Termina pedindo que o recurso seja julgado improcedente e seja confirmada a sentença recorrida.

1.4. O MP emite parecer nos termos seguintes:
«Recorrente: Fazenda Pública
Objecto do recurso: sentença declaratória da procedência de impugnação judicial deduzida contra decisão de indeferimento expresso de reclamação graciosa e anulatória de correcções à matéria tributável de IRC (exercícios de 2005, 2006 e 2007) no montante global de € 1.632.219,79.
FUNDAMENTAÇÃO
1. A apreciação da questão do ónus da prova dos requisitos da dedutibilidade dos encargos financeiros suportados pelas SGPS (suscitada pela recorrente Fazenda Pública) está prejudicada pelo facto de ter ficado provado que o sujeito passivo suportou encargos financeiros não dedutíveis (destinados à aquisição de participações sociais) e encargos financeiros dedutíveis (destinados a outros fins conexionados com o seu objecto social, como supressão de dificuldades de tesouraria e resultados negativos, custos com serviços, água, luz, juros e impostos) (factos provados n° 4 fls. 616/617).
2. Questão decidenda: Violação do princípio da legalidade tributária pela interpretação da norma constante do art. 31° n° 2 EBF (redacção introduzida pela Lei n° 32-B/2002, 30 dezembro) efectuada pela Circular n° 7/2004, 30 março da DSIRC (art. 103° n° 2 CRP; art. 8° n° 1 LGT).
ARGUMENTÁRIO
A apreciação da questão será inspirada na fundamentação da decisão arbitral proferida em 28.07.2016 (processo n° 39/2016-T relator: juiz conselheiro Jorge Manuel Lopes de Sousa) que emitiu pronúncia sobre idêntica questão jurídica, embora com a significativa diferença fáctica de nele não ter ficado provado que nenhum dos financiamentos obtidos pelo sujeito passivo se destinou à aquisição de participações sociais.
1. A indedutibilidade dos encargos financeiros suportados pelas SGPS apenas abrange aqueles directamente conexionados com a aquisição de participações sociais (como resulta da conjugação da literalidade do art. 31° n° 2 EBF com a exposição de motivos constante do Relatório do Orçamento de Estado para 2003, p. 51 nos termos da qual, «Estabelece-se a desconsideração da dedutibilidade efeitos da determinação do lucro tributável, dos encargos de natureza financeira directamente associados à aquisição de participações sociais por parte das SGPS».
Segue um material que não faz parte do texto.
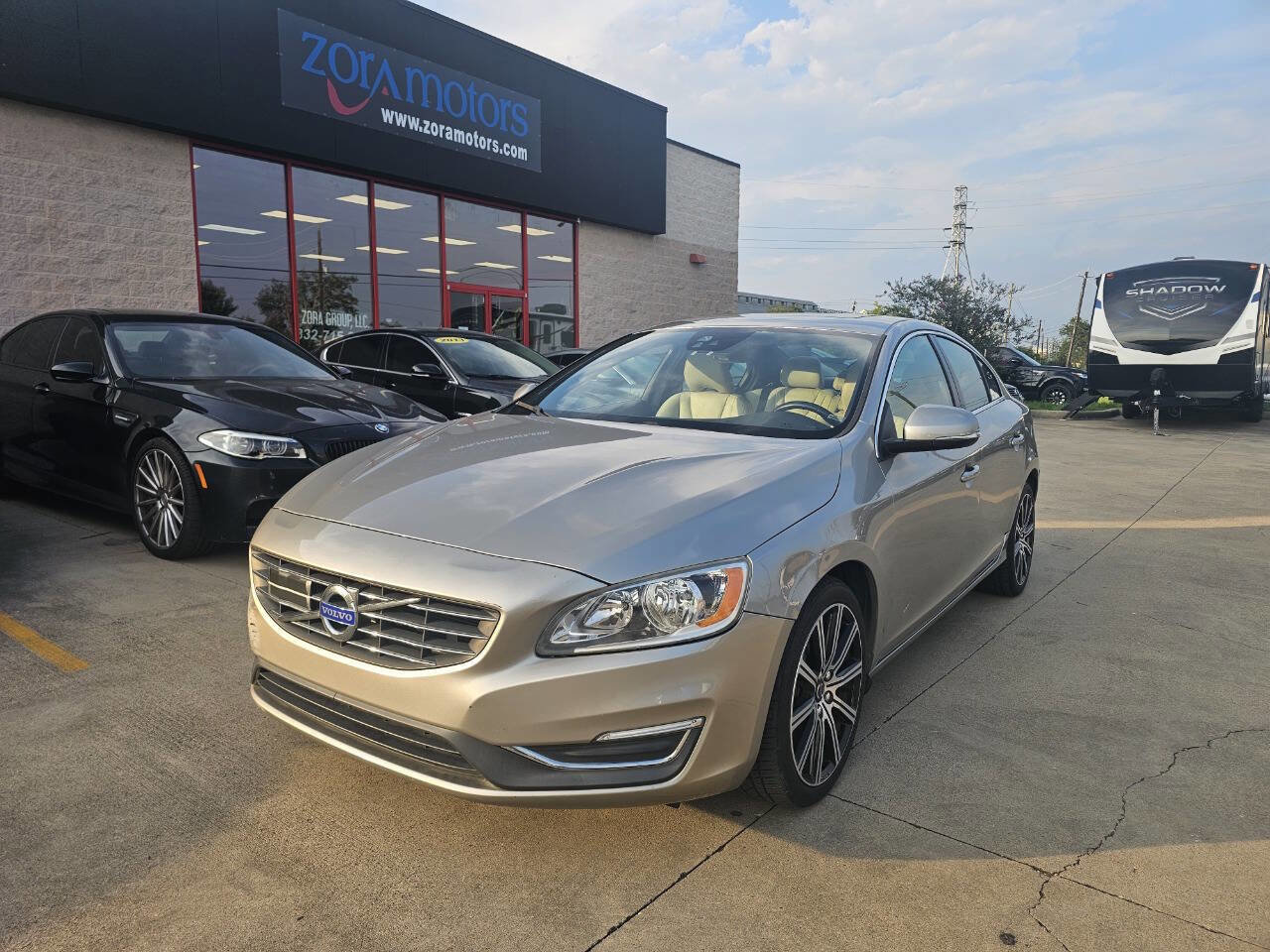 Used 2015 Volvo S60 T6 w/ Technology Package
2. Como corolário desta interpretação permanece em vigor a regra da dedutibilidade dos encargos financeiros que não estejam directamente associados à aquisição de participações sociais (art. 23° n° 1 al. c) CIRC)
3. O princípio da legalidade em matéria tributária exige que a incidência dos impostos, respectivas taxas, benefícios fiscais e garantias dos contribuintes seja determinada apenas por actos de natureza legislativa (não regulamentar) (art. 103° n° 2 CRP; reafirmação no art. 8° n° 1 LGT).
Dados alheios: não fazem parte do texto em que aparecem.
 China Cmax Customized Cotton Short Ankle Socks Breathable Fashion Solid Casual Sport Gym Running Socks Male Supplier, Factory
4. As circulares são instrumentos administrativos que, exprimindo orientações genéricas, vinculativas apenas para a autoridade tributária, procedem à uniformização da sua actuação na interpretação e aplicação das normas tributárias, permitindo aos contribuintes o conhecimento antecipado do entendimento por aquela adoptado (art. 68°- A LGT).
5. A Circular n° 7/2004, 30 março, da DSIRC, aplicada pela administração tributária de forma a afastar a dedutibilidade de encargos não directamente conexionados com a aquisição de participações sociais, resulta na criação de norma inovadora sobre a determinação do lucro tributável de IRC, criando encargos financeiros indedutíveis não previstos na lei, com consequente invalidade por violação do princípio da legalidade em matéria tributária.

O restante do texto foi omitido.